Kalau faktanya, Keisha dan Thalia itu adalah saudara tiri saat ini. Rafa baru saja menikah dengan Shakila, Mama Keisha satu minggu yang lalu.


"Iya, aku sudah kebal dengannya. Kami saudara tiri," Jelas Thalia tanpa menatap ketiganya.


Jelas, Fia sangat terkejut soal fakta yang sebenarnya. Berbeda dengan Keira, yang mana dirinya sudah terlebih mengetahui kalau Krisha dan Thalia itu adalah saudara tiri.


"H... hah?" Ucap Fia binggung.


"Kei apa kau tadi membeli mie?" Tanya Keira mengalihkan pembicaraan mereka.


"Hah? Ah iya ada, tapi masih di ruang tamu. Sebentar ku ambil dulu," Ucap Keisha lalu menuju tempat yang ditempati oleh Jaiden dan yang lainnya.


"Surya!" Panggil Keisha berteriak.


"Oi!" Sahutnya sembari bermain game ponselnya.


"Dimana mie Pasta yang kita beli tadi?" Tanya Keisha.

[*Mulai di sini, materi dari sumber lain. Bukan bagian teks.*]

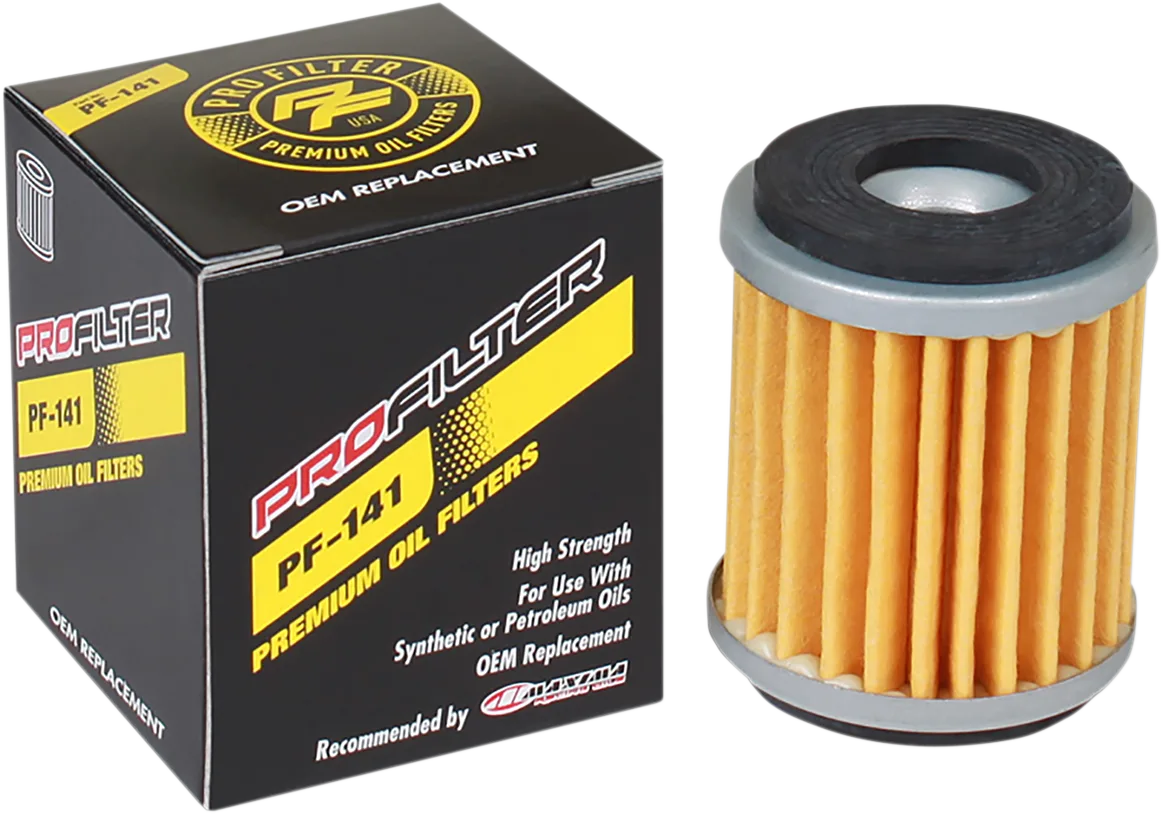 Replacement Oil Filter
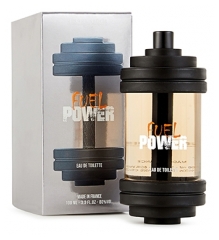 Jeanne Arthes Eau de Toilette Fuel Power
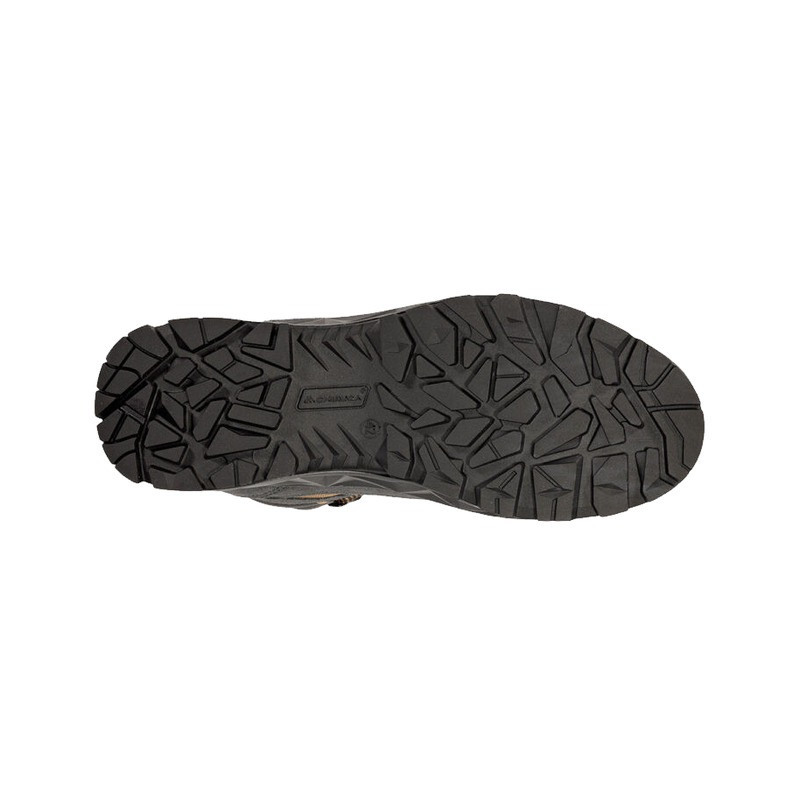 Chiruca Besalu 08 Gore-tex grey/brown/orange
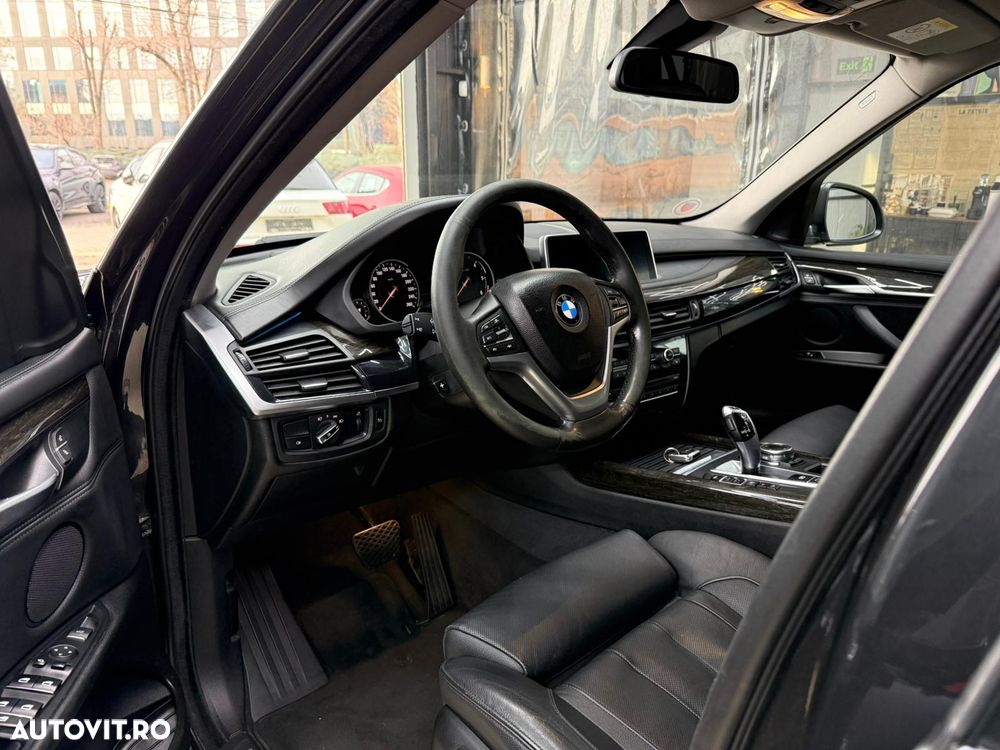 BMW X5 xDrive40d - 25
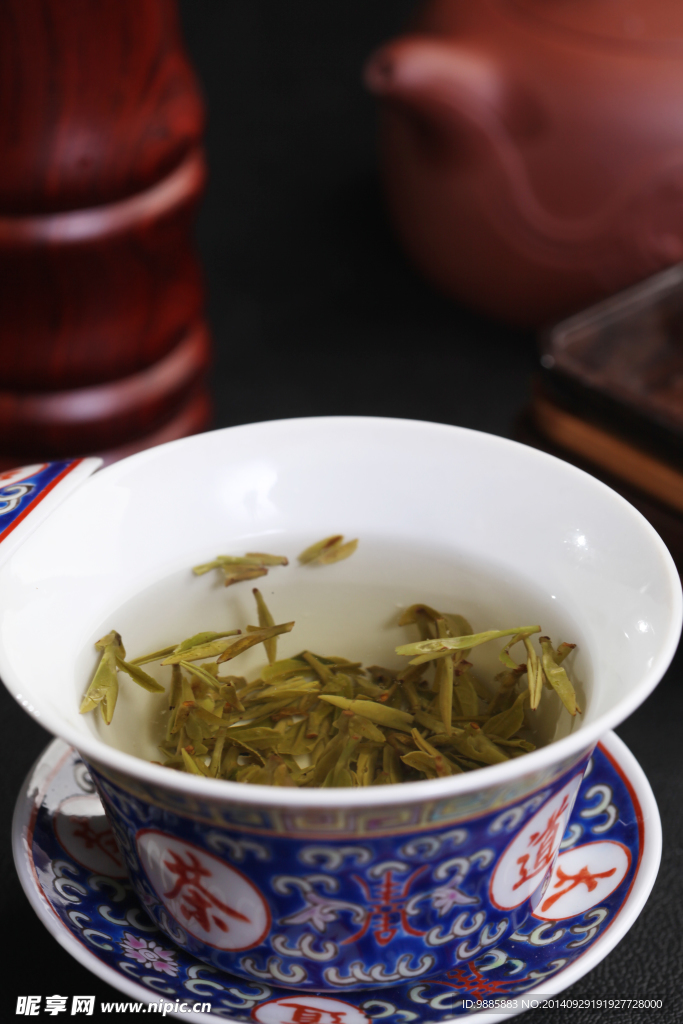 梅家坞茶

"Oh itu sepertinya!" Ucap Surya sambil menunjukkan plastik ysng yang berada di sebelah Jaiden.


Jaiden pun melirik plastik yang berada disebelahnya, "Ini ya?" Tanya Jaiden.


"Iya itu!" Ucap Surya.


Lantas Jaiden pun memberikan plastik itu pada Keisha, "Makasih," Ucap Keisha lalu pergi meninggalkan teman-temannya di ruang tamu itu.

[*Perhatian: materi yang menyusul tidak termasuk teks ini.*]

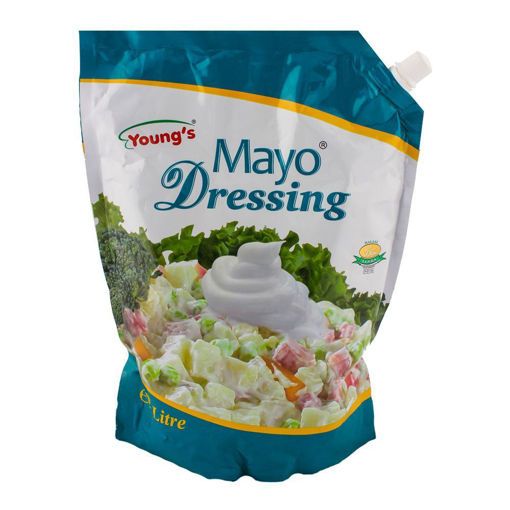 Young's Mayonnaise Dressing Pouch 2kg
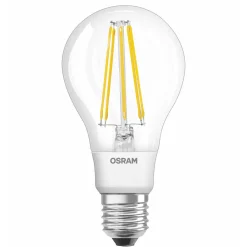 OSRAM Filament Pære|Led Pærer>LED-pære E27 11W 827 Filament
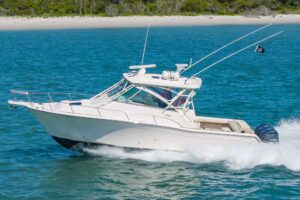 2014 Grady-White Express 370 for sale - photo 3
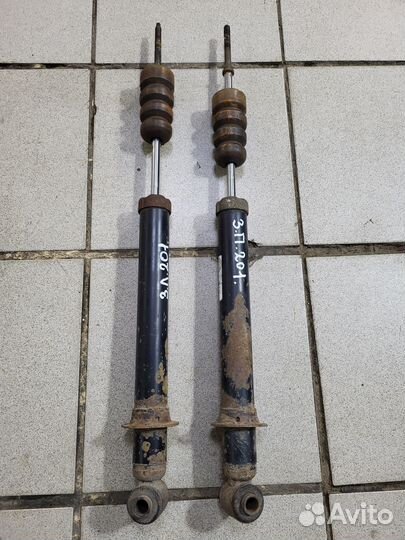 Амортизатор Opel Vectra B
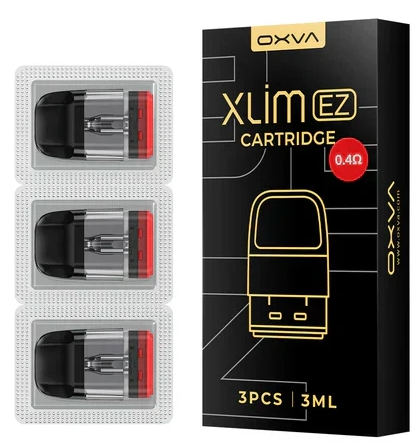 Картридж OXVA Xlim EZ 0.4 Ом, 3 мл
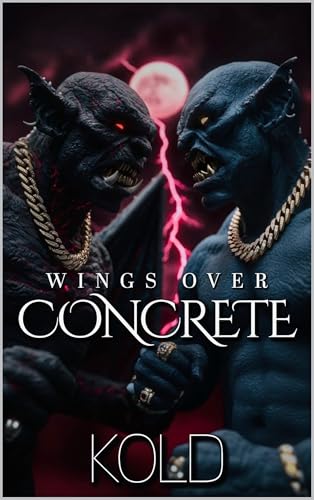 Wings Over Concrete book cover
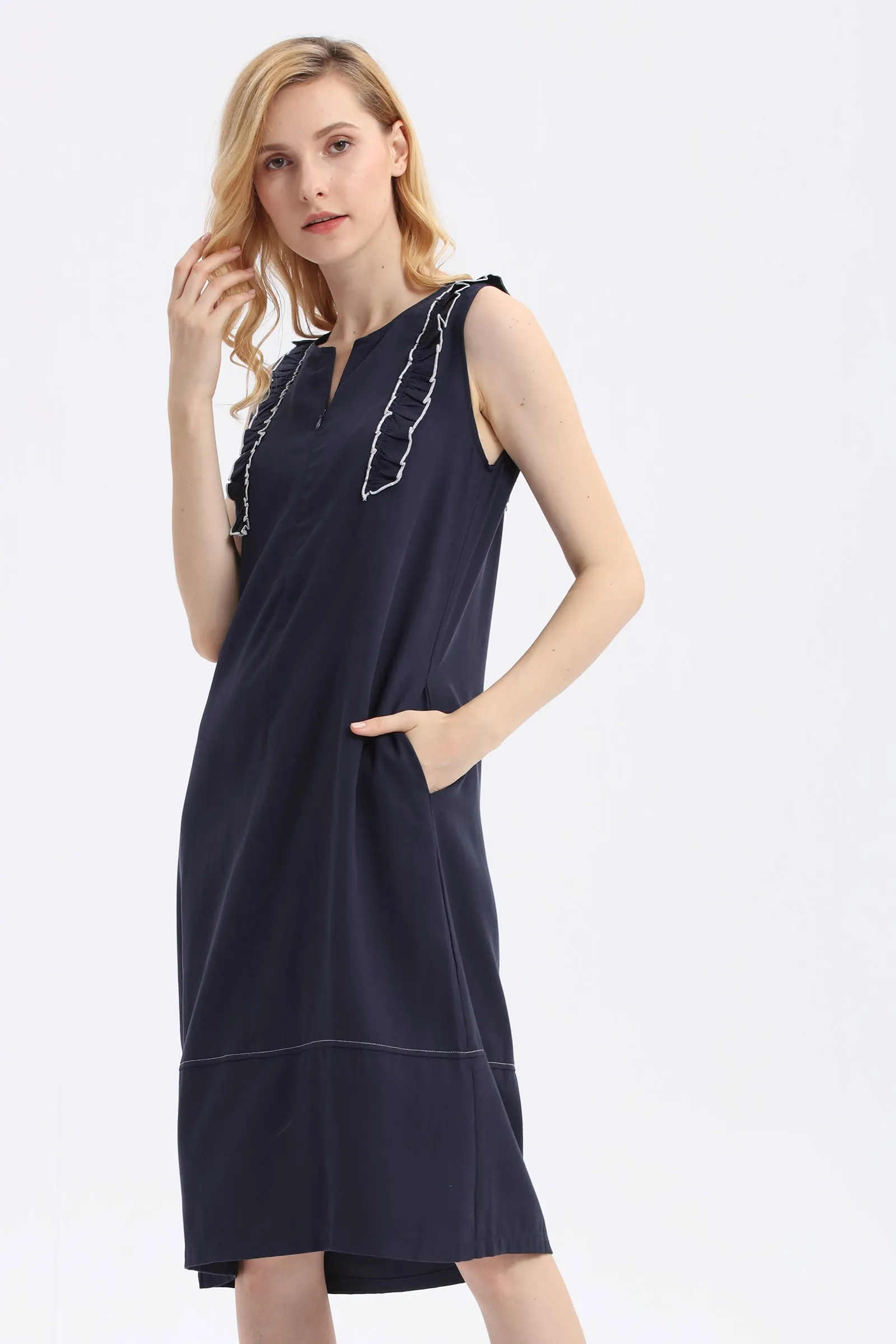 Cynthia Shift Dress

"Wah aku merinding, hawanya dingin sekali!" Ucap Heri sambil memeluk bahunya mandiri.


.....


Setelah makanan dan minuman yang dibuat oleh Bi Sarah masak, yang tentu saja di bantu oleh Keira, Keisha, Thalia dan Fia. Mereka pun memutuskan untuk memanggil yang lainnya untuk makan malam bersama.


Jaiden merasa dirinya dihindari oleh Keisha, karena sejak tadi Keisha hanya berbicara sedikit padanga dan tidak seperti biasanya. Maka dari itu, Jaiden berpikiran kalau Keisha benar-benar menghindarinya.


Lantas Jaiden sendiri langsung menarik Keisha untuk menjauh dari teman-temannya. Thalia tentu saja melihat itu, Thalia pun pergi dengan diam-diam hingga membuat yang lainnya tak sadar atas kepergiannya.


"Aku membuat kesalahan?" Tanya Jaiden.


"Maksud Kakak?" Tanya Keisha mengerutkan keningnya tak mengerti.


"Kau menghindari ku Kei, apa kau cemburu soal aku sedang bersama seorang gadis di taman?" Tanya Jaiden langsung.